### EXERCISE DIRECTIONS
The reply should contain all the data below, repeated exactly, and none of the images.

Segment Start: DATA FOR ANALYSIS

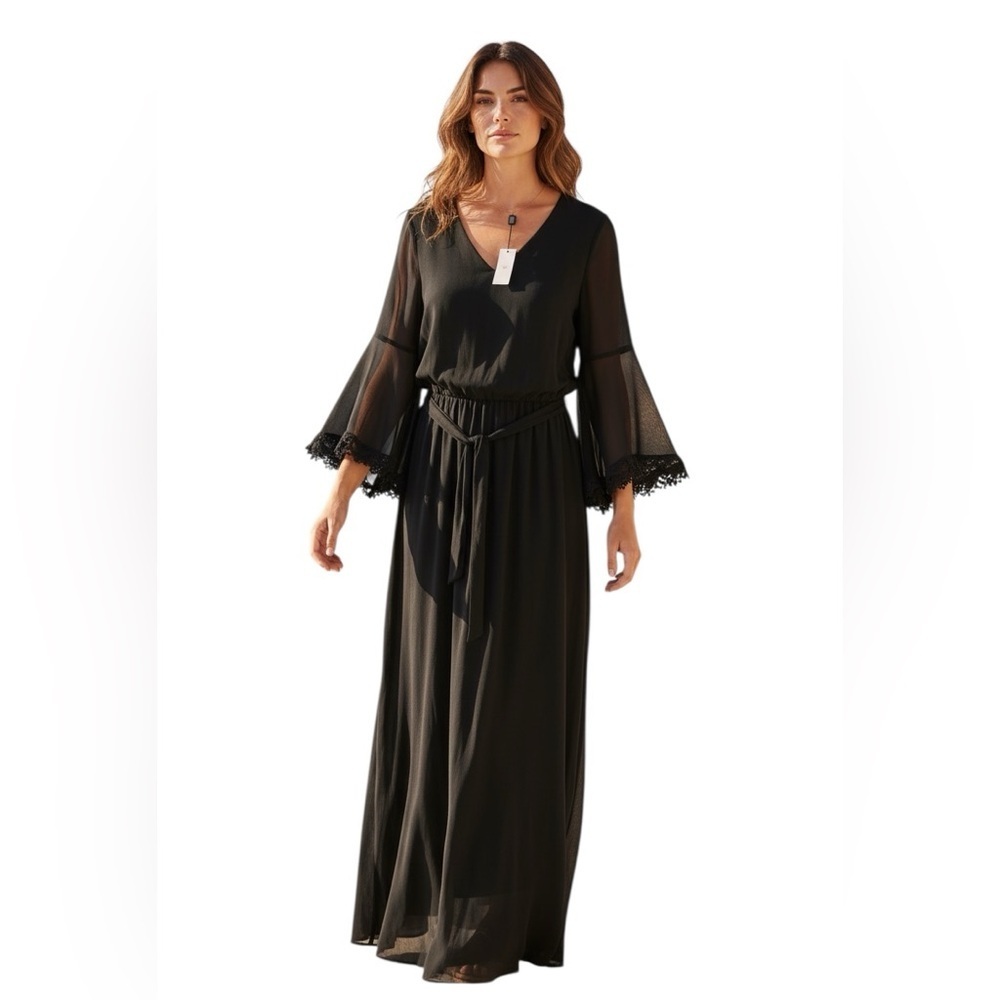 Women's Black Maxi Dress with Bell Sleeves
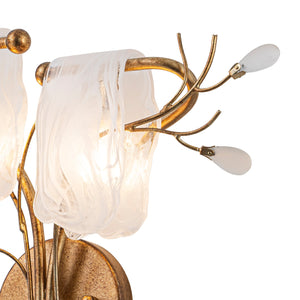 Applique murale 2 lumières or antique de 40,9 cm avec abat-jour en verre dépoli, luminaire mural pour chambre ou salon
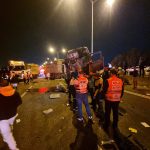 זירת התאונה הלילה בכביש 6. צילום: דוברות איחוד הצלה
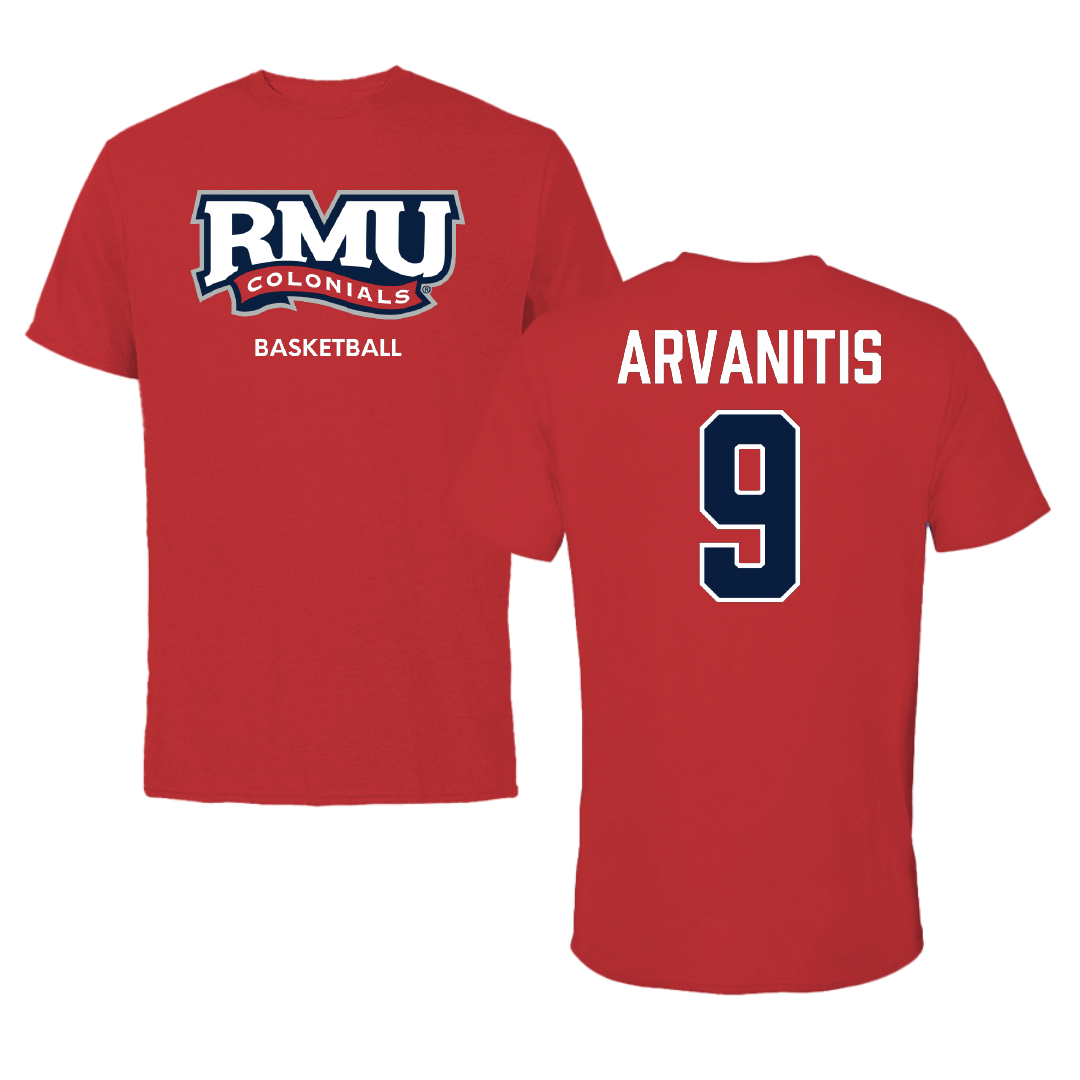 Robert Morris University Basketball (M) Red Colonials Tee - #9 Cyril Arvanitis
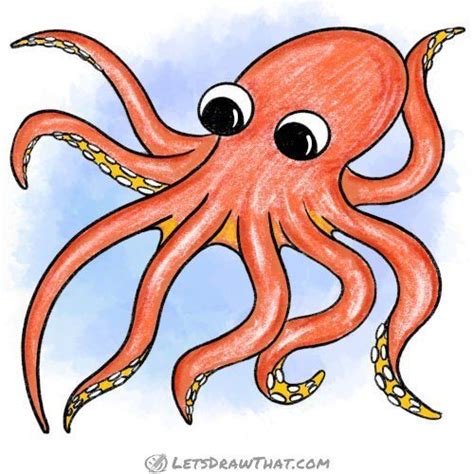 How to draw an octopus - completed coloured in picture - Let's Draw ...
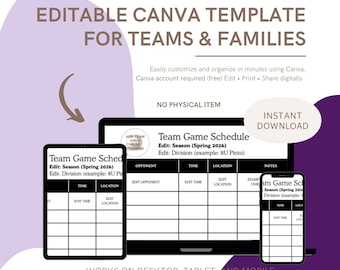 Peut inclure: Un modèle Canva modifiable pour les équipes et les familles, affiché sur un ordinateur portable, une tablette et un smartphone. Le design présente un calendrier de matchs d'équipe avec des champs pour l'adversaire, l'heure et le lieu.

Segment End: DATA FOR ANALYSIS

### SOLUTION
 Women's Black Maxi Dress with Bell Sleeves
 Applique murale 2 lumières or antique de 40,9 cm avec abat-jour en verre dépoli, luminaire mural pour chambre ou salon
 זירת התאונה הלילה בכביש 6. צילום: דוברות איחוד הצלה
 Robert Morris University Basketball (M) Red Colonials Tee - #9 Cyril Arvanitis
 How to draw an octopus - completed coloured in picture - Let's Draw ...
 Peut inclure: Un modèle Canva modifiable pour les équipes et les familles, affiché sur un ordinateur portable, une tablette et un smartphone. Le design présente un calendrier de matchs d'équipe avec des champs pour l'adversaire, l'heure et le lieu.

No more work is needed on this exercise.